Mentre l’onesto numero 9 del mondo si spreme disperatamente, tutte le telecamere, tutte lefoto, tutte le attenzione della folla, dei media e dei compagni sono solo per Rafa Nadal che freme in panchina, prima di sfoggiare tutta il suo prorompente agonismo e la sua inarrestabile personalità, e trascinare la Spagna alla rimonta contro la Russia.
Il mancino di Maiorca è troppo forte, troppo superiore al passato, al presente e quasi sicuramente anche al futuro delle racchette iberiche.
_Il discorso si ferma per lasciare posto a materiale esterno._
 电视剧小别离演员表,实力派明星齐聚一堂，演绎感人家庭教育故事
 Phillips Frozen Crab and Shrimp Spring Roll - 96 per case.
Lui non ha dovuto fronteggiare come Andy Murray il pesantissimo paragone col mitico Fred Perry degli anni 30, ma certo ha minimizzato le imprese dei grandi “hidalgo” di ieri. A cominciare da Andres Gimeno, il più anziano campione del Roland Garros nel 1972, a quasi 35 anni, per continuare col mitico Manolo Santana, campione della terra rossa del Roland Garros 1961 e 1964, ma anche dell’erba di Us Open 1965 e Wimbledon 1966, e quindi numero 1 del mondo nel 1966, quando la classifica non era ancora in mano al computer e lui stesso, a nome dei tennisti spagnoli, varava un motto che sarebbe stato rilanciato da tutti gli sconfitti sul verde: “L’erba è per le vacche”.
Rafa ha oscurato anche le imprese di Manuel Orantes, sicuramente specialista del rosso, ma campione agli Us Open 1975 che si disputavano sulla terra verde americana, più veloce di quella europea.